青を基調としたコートの下に白い着物。長い後ろ髪は紐で縛っており清潔感がある。
何より彼が腰に差していたのは刀。紛れも無く侍の得物たる物である。
風格も剣士のそれと言って過言ではない。
まさか、本当に侍が召喚されるとは夢にも思わなかった。
レミィに関しては、てっきり感動で動けないのかと思ったが、
さっきの発光で気絶してしまっているみたいだ。
だが、好都合。
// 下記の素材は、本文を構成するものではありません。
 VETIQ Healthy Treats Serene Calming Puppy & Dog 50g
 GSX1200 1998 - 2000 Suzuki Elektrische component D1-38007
その方が落ち着いて彼の話が聞ける。
さて・・・・
「召喚しておいて何だけど、貴方は何者なのかしら?」
私に気づいた彼は向き直り、佇まいを整える。
本来ならば、いきなり別の場所にいきなり転移したり、召喚されたりすれば
多少は困惑し、声をかけた私に問い詰める事をするのだろうが、彼は至って冷静だ。
むしろこう言う状況下に慣れているような感じだ。
まるで幾戦練磨のような。
これは久々に当たりを引いたのやもしれない。
「・・・私の名はフリン。先程、召喚という言葉を耳にしましたが、いまいち状況下が把握できない。よろしければ事情を伺ってもよろしいでしょうか?」
丁寧でいて、そして物腰柔らかい尋ね方に驚きながらも、
「ええ、こちらとしても貴方の事が知りたい。話し合いの場を設けましょう。」
私は気絶している小悪魔を起こし、メイド長の咲夜に紅茶と菓子受けを持ってこさせるよう命じ、大図書館のテーブル席へ彼を案内するのであった。
途中、彼に『もう一人の彼女は起こさなくても?』と聞かれたが気にしないほうがいいとだけ答えておいた。